After two years of construction, the $7.5 million fieldhouse opened July 30, 1979, eight months behind schedule. The rooftop football field, which retained the name Kehoe Field, was ready in time for the 1979 season.

== Renovations ==
By the time the facility was a decade old, roof problems were already commonplace. Rainwater did not drain properly, resulting in the need for $1.8 million in repairs in 1987 and $7 million in repairs in 2002. The Hoyas were forced to move most of their scheduled home games of the 1990 season to opponents' sites, as the university struggled to repair bubbling and cracking in the 400-meter outdoor running track that surrounded the football field.

For the 2002 season, the football team moved to what was then Georgetown's soccer stadium, Harbin Field, ending Kehoe Field's use for varsity sports games.

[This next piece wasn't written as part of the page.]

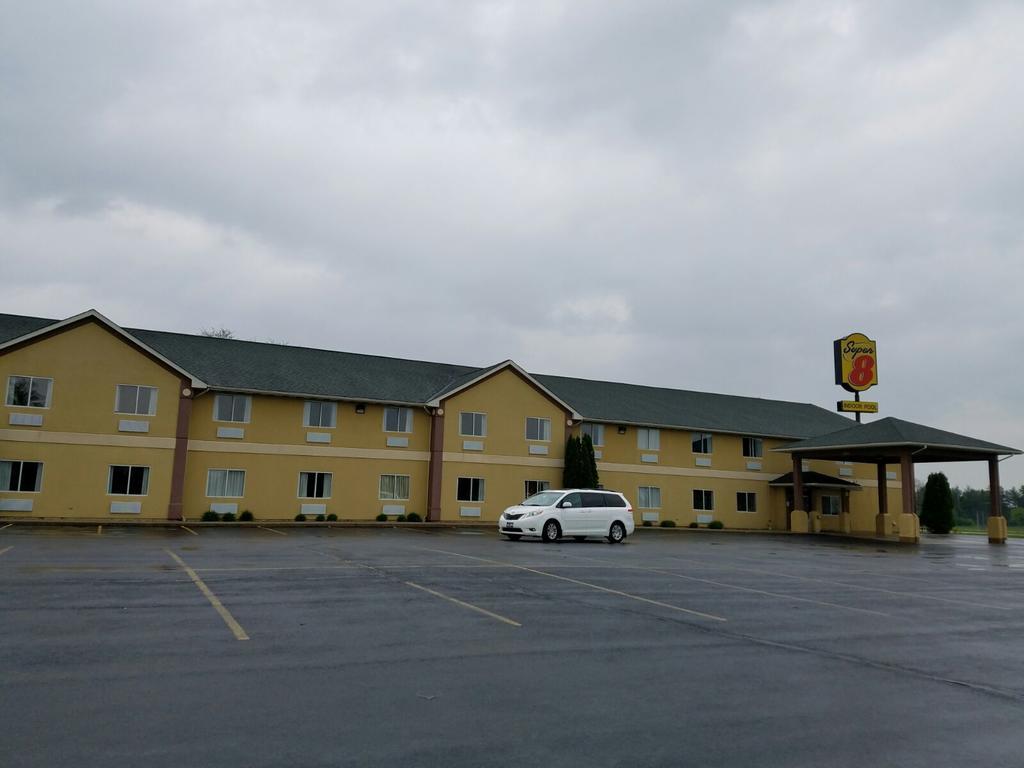 Super 8 By Wyndham Huntington Ξενοδοχείο Εξωτερικό φωτογραφία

Harbin Field was later redeveloped into what is now known as Cooper Field.

Kehoe Field continued to be used as the home of intramural and club sports until 2016, when a recurrence of the longstanding drainage problems led to the outdoor facility again being deemed unsafe, forcing Georgetown student groups to rent off-campus fields. In 2018, the university unveiled plans to restore Kehoe Field as an intramural sports field and recreation area.

In, 2019 Kehoe field was completed and it is back up and although it no longer hosts any Georgetown sports teams, it has shifted its focus to being available for intramural sports events, club sports, approved recreational events, and students who use the 110,000 sq ft field for all their activities. The new field boasts a new top of the line AstroTurf 3D3 trionic fiber field, and around it is a new 404 meter long track made of competition grade Benyon. Overall, Kehoe fields focus has shifted from hosting varsity sports competitions and practices to becoming an accessible area for students and members.

In 2025, Yates Field House underwent a renovation project for its decades old basketball courts, which were completed in February of that year. By the end of the project the Yates Field House had 4 brand new maple wood basketball courts, complete with regulation size hoops, and official Georgetown court logos.

==Events/Uses==
The Yates Field House, hosts events and classes. These include, dance classes, tennis lessons, group spin-cycle classes, aquatic aerobics classes, and yoga classes, as well as countless intramural sports events, fencing competitions, wrestling competitions as well as many others.